Brigl: Da müssen wir nach Dienste-, Betriebs- und Beschaffungskonsolidieungunterscheiden. In der Betriebskonsolidierung haben wir bereits standardisierte Plattformen definiert und aufgebaut, die wir auch schon anbieten können. In diese Plattform hinein werden alle zukünftigen Kunden und die Rechenzentren der Kunden auch konsolidiert. Mit dem Bundes-Client stehen wir sozusagen auch schon in den Startlöchern. Das wird für unsere Bestandskunden natürlich die größte Konsolidierungsmaßnahme.
msg: Der Bundes-Client ist eines der wichtigen Produkte des ITZBund. Daneben gibt es auch noch den Basis-Client und Behörden-Client. Können Sie diese Begriffe für unsere Leser bitte differenzieren?
Brigl: Ich fange mal mit der kleineren Variante an. Der Basis-Client ist im Prinzip nur ein standardisiertes Betriebssystemimage mit festgelegten, integrierten Systemen und Basissoftware. Er ist die Grundlage für den Bundes-Client. Der Bundes-Client ist wesentlich größer. Das ist ein Service, ein Rundum-Wohlfühl-Paket.
msg: Und dann gibt es noch den Behörden-Client …
Brigl: Genau. Der Behörden-Client. Das ist kein Produkt, sondern eine Unterstützung für die Behörden, die noch nicht beieinem der Dienstleister konsolidiert sind, wenn die Wartung für Windows 7 ausläuft. Sie müssen selbstständig nach Windows 10 migrieren und bekommen dazu von uns eine Hilfe an die Hand.

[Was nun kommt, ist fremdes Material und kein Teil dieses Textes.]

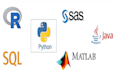 help in descriptive statistics and data analytics in spss, r, stata,python,SAS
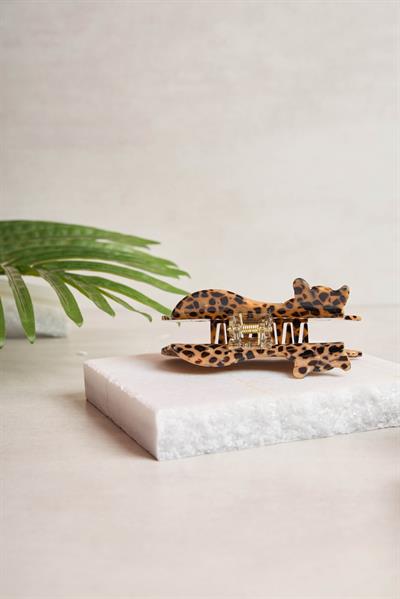 Leopar Kemik Toka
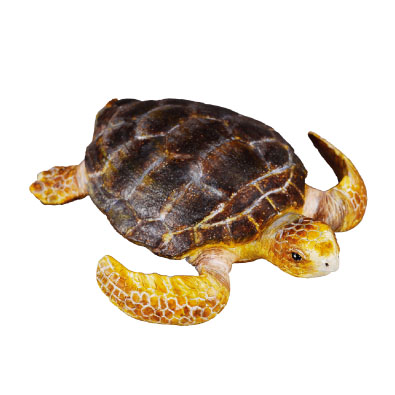 Loggerhead Turtle - 88094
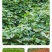 板栗蜜薯山东沙地生态种植板栗蜜薯一件代发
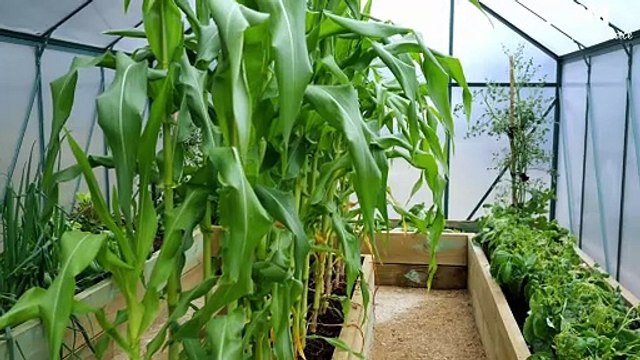 Self Help's green thumbs | The Examiner | November 27, 2023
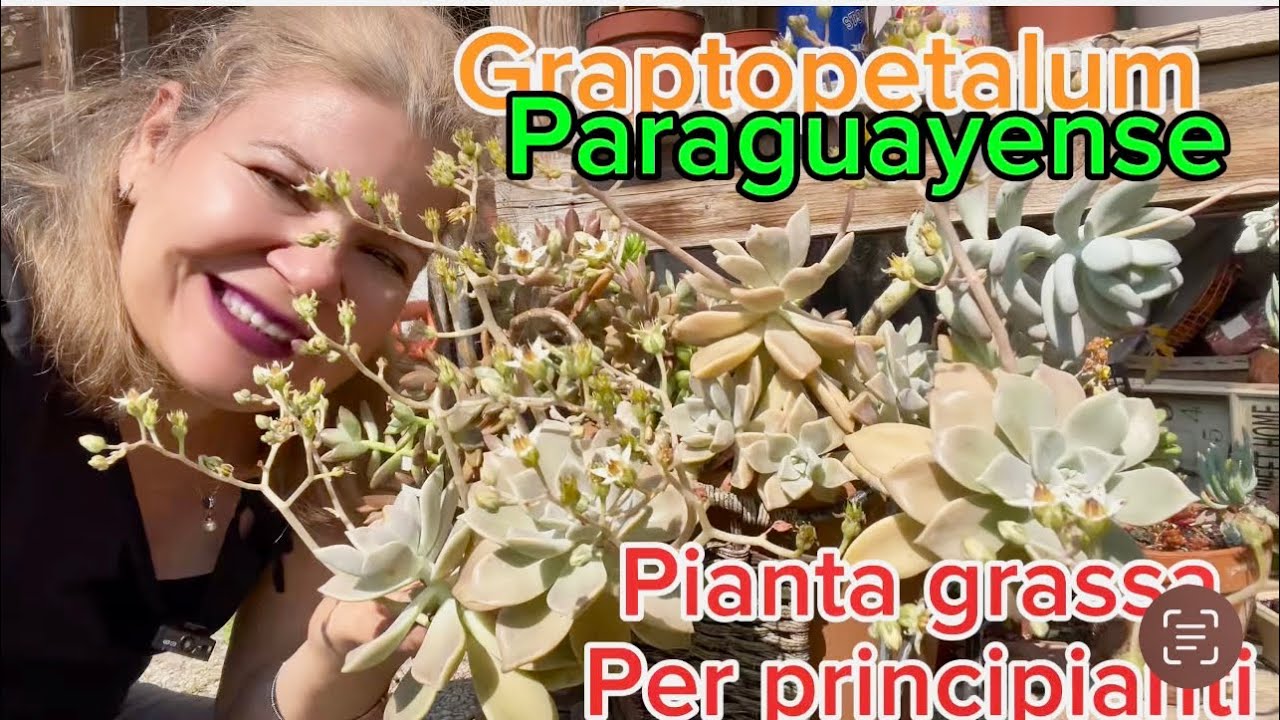 TUTTO SUL QUESTA BELISSIMA PIANTA GRASSA🌱 e in più una bellissima composizione 😍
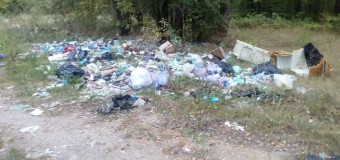 У ковельському лісі — сміттєзвалище. ФОТО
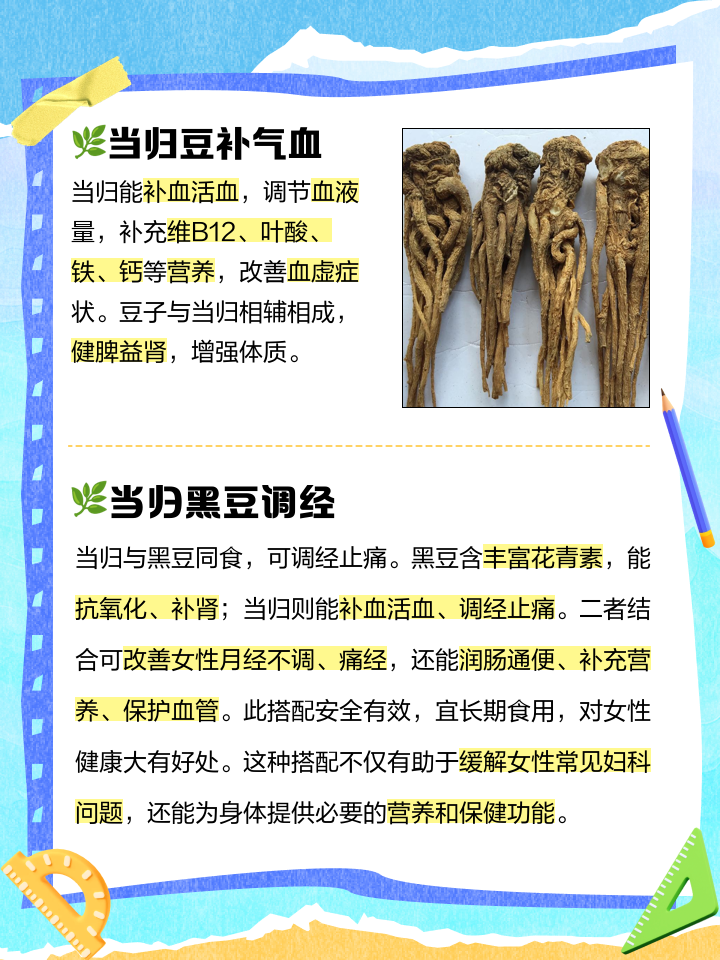 当归的作用和功效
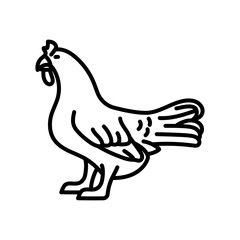 Hen Outline Icon, Vector illustration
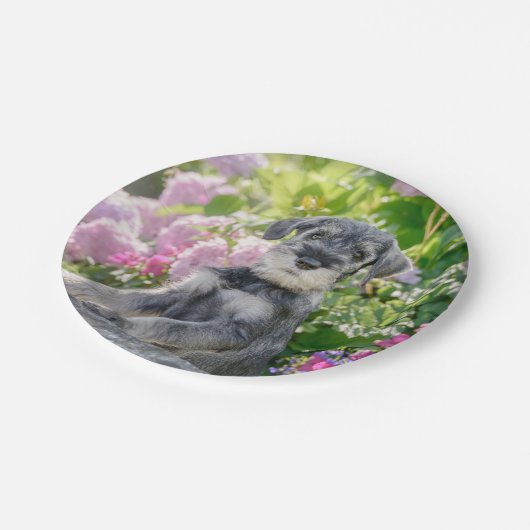 Standard Schnauzer Welpe in einem blühenden Garten Pappteller (Schrägansicht)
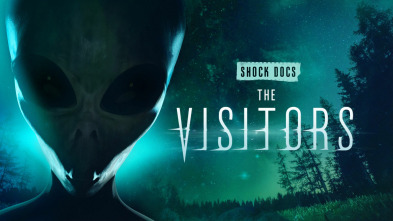 Los visitantes: abducción alien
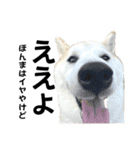 柴犬と猫⑥（個別スタンプ：4）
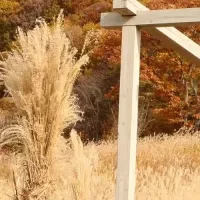 上ノ原 入会の森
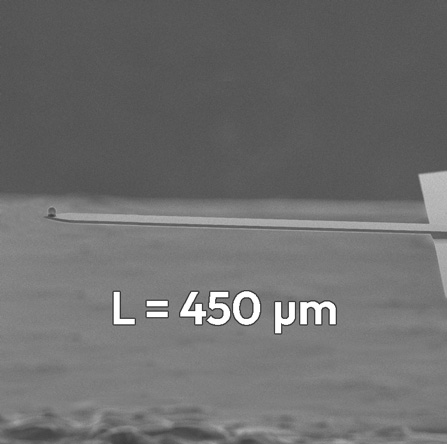 TL-CONT AFM Cantilevers, by NANOSENSORS™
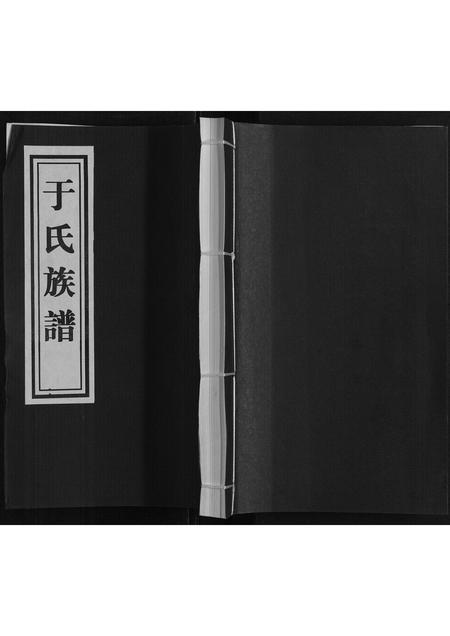 山东于氏-于氏族谱.pdf电子版插图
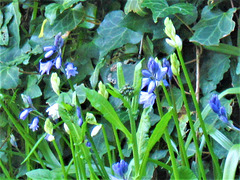 Bluebells are starting to come out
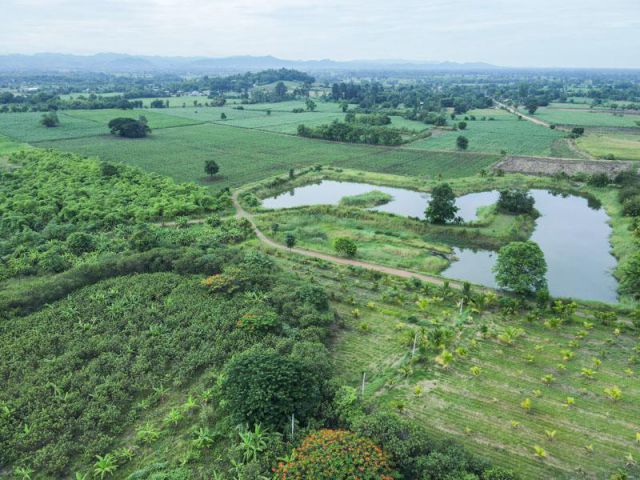 ขายที่ดิน ผืนใหญ่ 2000 ไร่ (350 ล้านบาท) ตำบล น้ำร้อน อำเภอ วิเชียรบุรี จังหวัด เพชรบูรณ์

Also Migrations- und Kompatibilitätsleitfäden und Ähnliches, mit denen sie ihre Migration leichter durchführen können. Diese Hilfe läuft unter dem Begriff „Behörden-Client“. Das heißt, wir als Dienstleister liefern hier keine operative Unterstützung im Rahmen der Migration. Aber wir liefern die Konzepte, die wir schon haben, und auch die Erfahrung, die wir in unseren Migrationsprojekten haben, und auch die Erfahrung, die wir in unseren Migrationsprojekten gewinnen, um unsere Kunden oder zukünftigen Kunden zu unterstützen.
msg: Das heißt, der Bundes-Client ist ein ganzes Servicepaket.Der Behörden-Client ist mehr eine Hilfestellung.
Brigl: Genau.
msg: Eine Voraussetzung für die Einführung des Bundes-Clients ist die Windows-10-Migration.
Brigl: Richtig. Wenn also ein Betriebssystem auf einem Clientgetauscht werden soll, muss man sich als Erstes die Anwendungen und Fachverfahren anschauen und testen, ob die auch auf einem Windows-10-Client laufen. Wenn das nicht funktioniert, kann das, besonders bei den wichtigen Fachverfahren, durchaus ein Showstopper sein.
msg: Wie ist der aktuelle Stand bei der Migration auf Windows 10?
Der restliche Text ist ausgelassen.